Was gehört zu der Umsetzung eurer freien Projekte dazu?

Zusätzliches Know-how und Geld. Bei der Realisation unseres vierten Langzeitprojektes haben etliche Spezialisten geholfen: Autoren, Grafiker, Übersetzer und Programmierer. Finanzielle Spritzen gab es über das Stipendium einer Stiftung und von einer NGO. Mit der Vernetzung stehen wir aber nicht allein da. In den letzen Jahren haben sich Kollegen immer häufiger zu Gemeinschaftsbüros zusammen geschlossen. Einzelkämpfer sind eine Seltenheit.

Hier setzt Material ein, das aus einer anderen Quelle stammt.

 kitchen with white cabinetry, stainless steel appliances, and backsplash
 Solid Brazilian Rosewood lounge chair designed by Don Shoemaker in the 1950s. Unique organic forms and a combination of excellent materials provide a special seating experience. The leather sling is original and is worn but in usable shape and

Warum überhaupt eigene Projekte?

Wir gehören zu den Unverbesserlichen. Es geht uns nicht allein um die Ästhetik, die in unseren Bildern Ausdruck findet. Wir wollen unsere eigenen Geschichten erzählen, etwas bewegen in einer Gesellschaft, die nun wahrlich nicht perfekt ist. Grundsätzlich arbeiten wir an unserer Unverwechselbarkeit, an einer Autorenschaft die nicht austauschbar ist. Das ist unserer Meinung nach das universelle Überlebenskonzept in einer harten Branche.

Steht das nicht im Widerspruch zum weit verbreiteten User Generated Content?

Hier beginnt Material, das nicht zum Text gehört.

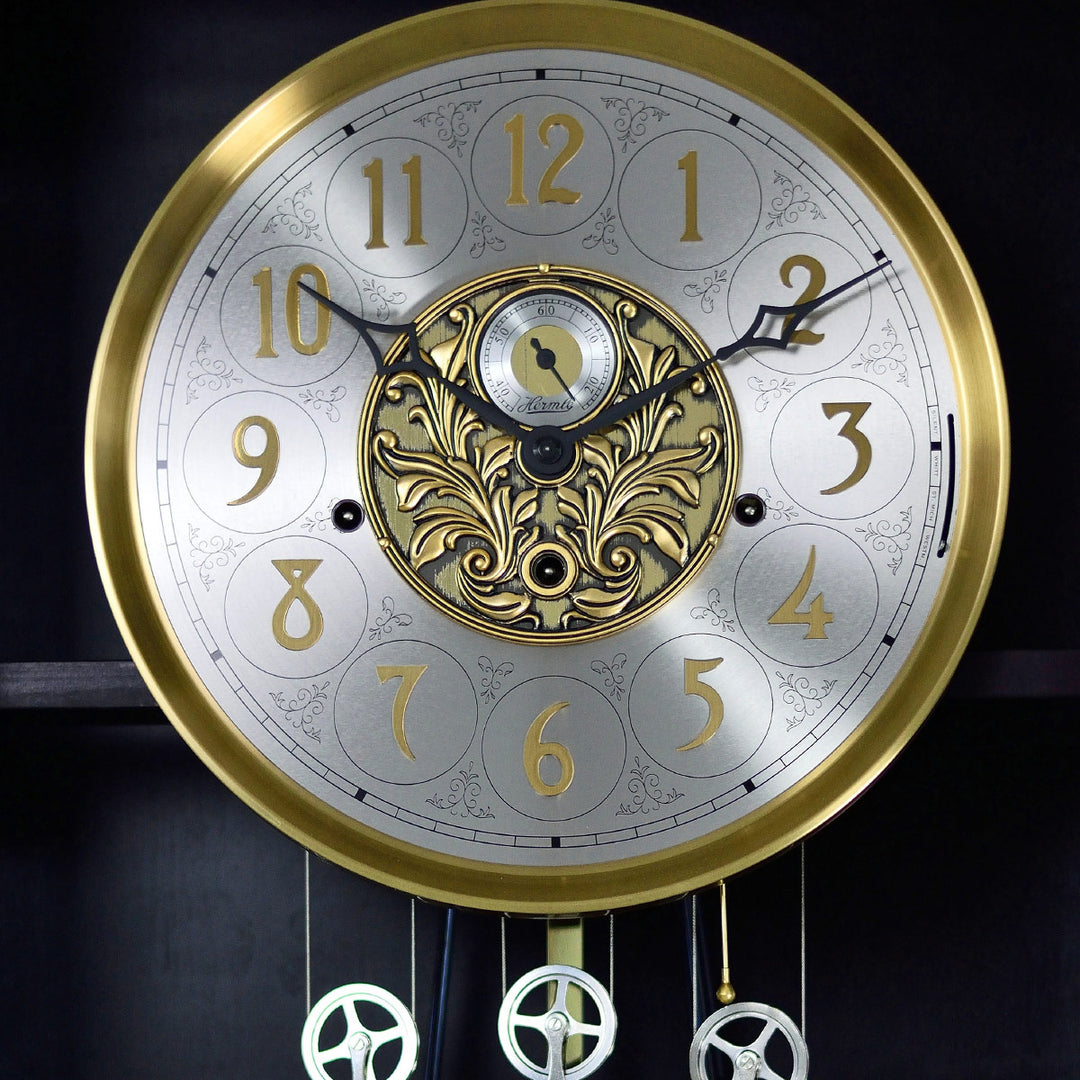 Up close of brass and brushed nickel grandfather clock face with seconds display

Im Gegenteil. Dieser einstigen Plage des  guten Journalismus, den Amateurknipsern, können Berufsfotografen nur mit professionellen Konzepten etwas entgegensetzen. Sicherlich ist jeder Leser ein potenzieller Konkurrent. Bei den Bürgerjournalismus-Agenturen wie Tvype.com, Content24.eu oder StreetScout.de ebbt aber die große Welle ab. Nur weil es billig ist, sind diese Bilder rauf und runter veröffentlicht worden. Heute ist dieses Metier wieder auf seine eigentliche Funktion zurückgestutzt, nämlich unverhoffte Ereignisse von der Straße in Echtzeit auf den Sender zu bringen. Nur den Profis, die planlos in der Weltgeschichte rumknipsten, hat es den Ruin gebracht. Wer aber journalistische Qualität und eine klare Bildsprache pflegt, braucht sich vor so einer Konkurrenz nicht zu fürchten.